「…う、うぅっ…」
意識が戻り、ゆっくりと目を開ける。
視界の一面に映ったのは、黒い空に散らばる白だった。
「ここ、は…?」
「気が付きましたか?」
「ッ! 誰だ!?」
突然かけられた声に、少年は警戒して振り返る。
いつの間にか傍にあった焚火の向こう側に、白い衣装を纏い長い銀髪を後ろで一つに括った青年が向かい合うように座り込んでいた。
「私はウィド。あなたの名前は? どうして、こんな雪山で倒れていたんですか?」
何処か優しく語りかけるウィドに、少年は膝を抱えて黙り込む。
それでも辛抱強くウィドが言葉を待っていると、根気負けしたのがやがてポツリと口を開いた。
「……ない」
「ない?」
「無いんだよ、俺には名前が…」
そう言うと、少年は自分の身に起こった事を説明する。
自分が他者から作られたレプリカである事。別の世界で人形として記憶を書き換え利用されていた事。そして、自分を元にした被験者(オリジナル)と戦い消滅した事。
こうして自分の覚えている範囲の事を説明すると、自傷気味にウィドに笑いかけた。
「――どうだ、信じられない話だろ?」
「どうして信じないと決めるんですか?」
予想外の言葉に少年が目を見開くと、ウィドは真剣な表情でこちらを見ていた。
「あなたの目に嘘など何もなかった。だから、私はあなたの事を信じますよ」
全てを受け入れて微笑みを浮かべるウィドに、少年は複雑そうな表情を浮かべて顔を逸らす。

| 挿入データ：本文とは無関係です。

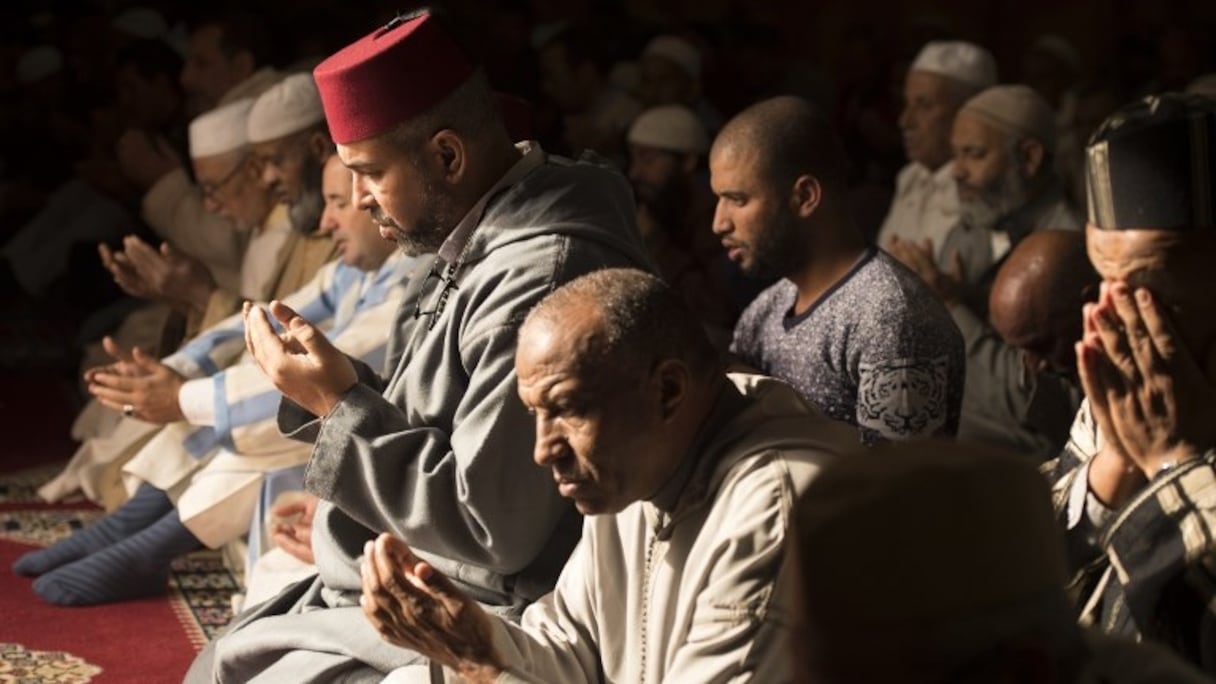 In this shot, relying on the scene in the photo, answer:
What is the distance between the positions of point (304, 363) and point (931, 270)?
9.61ft

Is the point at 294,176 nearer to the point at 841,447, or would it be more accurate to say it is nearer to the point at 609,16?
the point at 841,447

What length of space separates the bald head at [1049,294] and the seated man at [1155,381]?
197 cm

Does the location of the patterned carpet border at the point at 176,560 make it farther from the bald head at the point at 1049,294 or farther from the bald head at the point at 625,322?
the bald head at the point at 625,322

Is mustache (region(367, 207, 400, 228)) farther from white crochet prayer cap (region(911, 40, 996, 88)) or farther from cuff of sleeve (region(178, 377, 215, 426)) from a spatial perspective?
white crochet prayer cap (region(911, 40, 996, 88))

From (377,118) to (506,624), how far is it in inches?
44.9

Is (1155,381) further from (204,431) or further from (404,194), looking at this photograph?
(204,431)

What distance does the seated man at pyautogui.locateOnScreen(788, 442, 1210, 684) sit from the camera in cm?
190

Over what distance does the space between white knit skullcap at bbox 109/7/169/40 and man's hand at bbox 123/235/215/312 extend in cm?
411

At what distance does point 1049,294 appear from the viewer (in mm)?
4785

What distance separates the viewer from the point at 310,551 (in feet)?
14.3

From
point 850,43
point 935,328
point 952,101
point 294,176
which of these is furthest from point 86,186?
point 935,328

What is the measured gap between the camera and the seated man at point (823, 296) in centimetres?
420

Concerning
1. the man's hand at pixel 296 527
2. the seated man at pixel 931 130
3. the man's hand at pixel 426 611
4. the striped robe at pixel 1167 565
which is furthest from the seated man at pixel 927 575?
the seated man at pixel 931 130

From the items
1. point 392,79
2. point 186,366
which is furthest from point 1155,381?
point 186,366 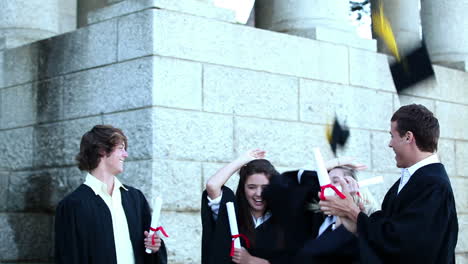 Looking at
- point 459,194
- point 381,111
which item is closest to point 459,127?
point 459,194

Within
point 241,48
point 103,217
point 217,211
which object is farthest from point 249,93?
point 103,217

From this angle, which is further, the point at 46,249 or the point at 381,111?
the point at 381,111

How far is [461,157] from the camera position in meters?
10.9

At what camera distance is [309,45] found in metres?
9.16

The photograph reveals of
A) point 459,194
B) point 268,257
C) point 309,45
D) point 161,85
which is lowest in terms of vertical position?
point 268,257

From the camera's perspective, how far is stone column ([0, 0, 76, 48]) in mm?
9586

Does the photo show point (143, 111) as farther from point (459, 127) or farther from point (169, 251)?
point (459, 127)

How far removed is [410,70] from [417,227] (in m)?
5.87

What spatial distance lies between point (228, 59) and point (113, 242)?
3.17 metres

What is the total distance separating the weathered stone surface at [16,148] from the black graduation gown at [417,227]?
16.7 ft

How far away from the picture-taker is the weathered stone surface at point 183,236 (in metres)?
7.52

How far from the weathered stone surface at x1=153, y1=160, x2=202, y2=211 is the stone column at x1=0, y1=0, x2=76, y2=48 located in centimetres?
296

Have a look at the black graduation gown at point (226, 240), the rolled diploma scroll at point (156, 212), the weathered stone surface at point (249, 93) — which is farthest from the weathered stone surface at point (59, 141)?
the rolled diploma scroll at point (156, 212)

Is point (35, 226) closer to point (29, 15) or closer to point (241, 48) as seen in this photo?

そんな彼に口を開くが、何と言えばいいのか分からず声を発する事はせずに口を閉ざす。
しかし、ウィドは何かを考え込むように顔を俯かせた。
「…名前とは、自分自身の証である…」
「え?」
「いえ、なんでも。そうですね…――彼であって、彼でない名を与えるには……これですかね?」
そう言うと焚火用に集めていた枝を一本拝借し、雪の上に『RIKU』と書いた。
「これを、こうして…――上手くいきませんね……試しにここに、これを付ければ――よし、これで完成です」
書いては消してを繰り返した結果、地面に書かれたのは『RUKIR』と言う文字だった。
「これは…?」
「あなたの名前を考えてみたんです。と言っても、一文字加えて並び変えただけですが…。気に入らないなら、また別の名前を考えますけど?」
困惑する少年に、ウィドは苦笑しながら小さく首を傾げる。
対して、少年は信じられないとばかりに肩を震わせる。
「なんで…俺みたいな奴にそんな事するんだ…?」
「例えあなたが何であろうと、子供だと言う事に変わりありません。そして、私は教師として働いていたんです。迷っている子供を助けるのは、教師として当然の事ですよ」
自分の信念を言い抜きながら、ウィドは少年の様子をうかがう。
彼は生まれてから利用される為だけに動いてきた。理解者はいたのだろうが、話の内容ではあまりにも接する時間は少なすぎた。だから、人から与えられる純粋な優しさに戸惑っているのだろう。どう受け止めていいのか分からないから。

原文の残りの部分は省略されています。